Cinéma

Ne manquez pas l’immanquable, cette semaine à l’Axel à Chalon

Ne manquez pas l’immanquable, cette semaine à l’Axel à Chalon

« Dear White people », de Justin Simien est actuellement programme à l’Axel. Un immanquable qu’il ne faut…pas manquer.

« Dear White people ». En français : « Chers Blancs ». C’est ainsi que débute chacune des émissions de radio animée par Samantha, une sorte de passionaria black nettement influencée par le mouvement des Black Panthers et qui a sans doute un peu trop vu le Malcom X de Spike Lee sans en comprendre le message subliminal, à savoir qu’il est inutile, par réaction, de s’enfermer dans la détestation racialisante d’un groupe parce qu’une partie de celui-ci vous rejette et vous méprise en raison de votre couleur de peau.

Car l’émission de radio de Samantha, sous couvert de brandir avec fierté une « culture noire »  un peu idéalisée sur un campus universitaire où les « Blancs » sont majoritaires, est souvent borderline. Limite raciste, ladite émission semble surtout hors de propos. En effet, l’Amérique dans laquelle nous plonge ce film de Justin Simien [1] n’est plus celle du Mouvement des droits civiques et des bavures policières qui jalonnaient ses actions, cette époque violente où le pays de l’Oncle Sam finissait par admettre que, s’il avait aboli l’esclavage un siècle plus tôt au prix d’une guerre civile – la Guerre de Sécession -, il ne valait pas beaucoup mieux que l’Afrique du Sud et son sinistre régime d’Apartheid.

Et pourtant…la vindicte de Samantha à l’égard des Blancs est-elle finalement aussi illégitime qu’elle y paraît de prime abord ? C’est la thèse du film : pas tant que ça, non.
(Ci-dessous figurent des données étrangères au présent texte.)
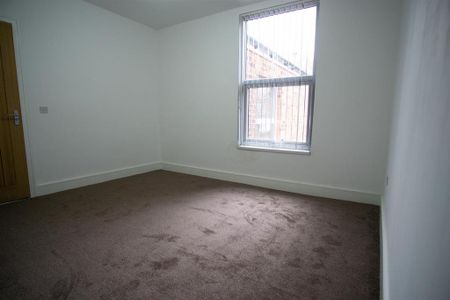 3 bedroom flat to rent - Photo 2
Et, de fait, si l’on peut éprouver l’impression que le combat de cette dernière et de ses acolytes est un combat sans objet, on comprend très vite, au travers de nombreuses scènes inspirées de faits divers actuels, que le racisme à l’égard des « Noirs » est loin d’avoir disparu aux Etats-Unis.

Ceci étant dit, l’intérêt du film ne réside peut-être pas tant dans l’idée qu’il véhicule de façon pas très subtile, à savoir qu’il ne faut jamais baisser la garde face au racisme et à la xénophobie, la bête ne demandant qu’à se réveiller, mais dans ce qu’il rend visible : la difficulté que nous avons tous de devenir nous-mêmes quand tout semble conçu pour nous enfermer dans des cases, nous réduire à une caractéristique, au détriment de toutes les autres : « Noir », « Blanc », « homo », « hétéro », « juif », etc.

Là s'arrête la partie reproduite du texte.